BEGIN
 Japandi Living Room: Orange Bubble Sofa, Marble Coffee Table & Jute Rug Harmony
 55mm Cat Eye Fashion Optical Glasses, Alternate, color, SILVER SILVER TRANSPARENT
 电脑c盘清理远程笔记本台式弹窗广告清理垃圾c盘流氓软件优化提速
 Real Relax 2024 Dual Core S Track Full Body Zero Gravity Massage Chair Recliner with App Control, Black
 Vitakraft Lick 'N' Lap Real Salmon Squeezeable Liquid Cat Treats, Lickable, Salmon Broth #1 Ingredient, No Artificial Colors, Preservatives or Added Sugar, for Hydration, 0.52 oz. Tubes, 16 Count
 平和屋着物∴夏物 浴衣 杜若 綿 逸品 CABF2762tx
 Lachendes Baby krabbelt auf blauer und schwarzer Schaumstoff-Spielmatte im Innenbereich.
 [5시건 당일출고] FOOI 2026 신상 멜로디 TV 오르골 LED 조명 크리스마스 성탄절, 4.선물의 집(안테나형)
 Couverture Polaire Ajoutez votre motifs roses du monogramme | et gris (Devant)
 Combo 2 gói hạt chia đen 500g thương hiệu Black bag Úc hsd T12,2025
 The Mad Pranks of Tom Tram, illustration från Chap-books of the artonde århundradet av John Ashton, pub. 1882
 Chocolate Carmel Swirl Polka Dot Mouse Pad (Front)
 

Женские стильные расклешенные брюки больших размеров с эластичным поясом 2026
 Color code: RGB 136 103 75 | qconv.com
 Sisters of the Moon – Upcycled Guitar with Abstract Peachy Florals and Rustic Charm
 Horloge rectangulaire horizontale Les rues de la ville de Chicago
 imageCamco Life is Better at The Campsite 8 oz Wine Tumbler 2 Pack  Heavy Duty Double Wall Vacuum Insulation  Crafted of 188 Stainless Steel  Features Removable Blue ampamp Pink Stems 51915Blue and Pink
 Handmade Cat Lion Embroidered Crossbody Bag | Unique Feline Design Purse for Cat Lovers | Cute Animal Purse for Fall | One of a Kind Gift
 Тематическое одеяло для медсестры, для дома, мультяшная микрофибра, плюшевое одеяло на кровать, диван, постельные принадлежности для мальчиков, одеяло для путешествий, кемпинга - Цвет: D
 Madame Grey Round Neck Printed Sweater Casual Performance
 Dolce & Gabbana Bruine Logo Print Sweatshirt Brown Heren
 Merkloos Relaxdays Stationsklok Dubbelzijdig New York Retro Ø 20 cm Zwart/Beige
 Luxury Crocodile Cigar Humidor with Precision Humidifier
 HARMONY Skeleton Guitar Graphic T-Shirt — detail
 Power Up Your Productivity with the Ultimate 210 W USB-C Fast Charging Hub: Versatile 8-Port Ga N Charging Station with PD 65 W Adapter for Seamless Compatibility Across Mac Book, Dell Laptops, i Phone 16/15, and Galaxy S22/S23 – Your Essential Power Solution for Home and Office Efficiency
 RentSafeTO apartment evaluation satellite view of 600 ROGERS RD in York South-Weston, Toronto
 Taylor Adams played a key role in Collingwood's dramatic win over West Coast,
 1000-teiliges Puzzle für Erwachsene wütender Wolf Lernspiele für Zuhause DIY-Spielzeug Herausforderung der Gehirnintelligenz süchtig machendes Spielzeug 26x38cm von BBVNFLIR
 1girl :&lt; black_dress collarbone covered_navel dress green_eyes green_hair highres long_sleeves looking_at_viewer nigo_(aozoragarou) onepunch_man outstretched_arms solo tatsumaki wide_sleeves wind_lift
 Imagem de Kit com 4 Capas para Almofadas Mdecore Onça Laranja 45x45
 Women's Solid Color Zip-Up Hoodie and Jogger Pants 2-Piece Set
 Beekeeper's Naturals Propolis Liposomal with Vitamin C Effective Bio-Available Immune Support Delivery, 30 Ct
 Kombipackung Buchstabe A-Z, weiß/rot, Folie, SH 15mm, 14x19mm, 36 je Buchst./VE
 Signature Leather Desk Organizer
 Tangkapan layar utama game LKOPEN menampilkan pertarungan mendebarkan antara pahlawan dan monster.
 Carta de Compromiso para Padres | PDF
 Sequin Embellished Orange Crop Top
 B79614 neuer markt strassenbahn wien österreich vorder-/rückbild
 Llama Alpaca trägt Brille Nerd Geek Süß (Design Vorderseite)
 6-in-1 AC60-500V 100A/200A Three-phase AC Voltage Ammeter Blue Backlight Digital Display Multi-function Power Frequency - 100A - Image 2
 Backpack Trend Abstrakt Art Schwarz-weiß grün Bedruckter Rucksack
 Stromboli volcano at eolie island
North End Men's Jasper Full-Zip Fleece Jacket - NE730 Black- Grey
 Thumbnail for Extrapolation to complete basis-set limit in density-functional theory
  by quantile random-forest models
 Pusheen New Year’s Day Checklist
END
Could you write out, exactly as they stand, only the lines above that begin at the line with "Vitakraft Lick 'N'" and stop after the line with "平和屋着物∴夏物 浴衣 杜若 綿 逸品 CABF2762tx"?

* **ANSWER SECTION**:
 Vitakraft Lick 'N' Lap Real Salmon Squeezeable Liquid Cat Treats, Lickable, Salmon Broth #1 Ingredient, No Artificial Colors, Preservatives or Added Sugar, for Hydration, 0.52 oz. Tubes, 16 Count
 平和屋着物∴夏物 浴衣 杜若 綿 逸品 CABF2762tx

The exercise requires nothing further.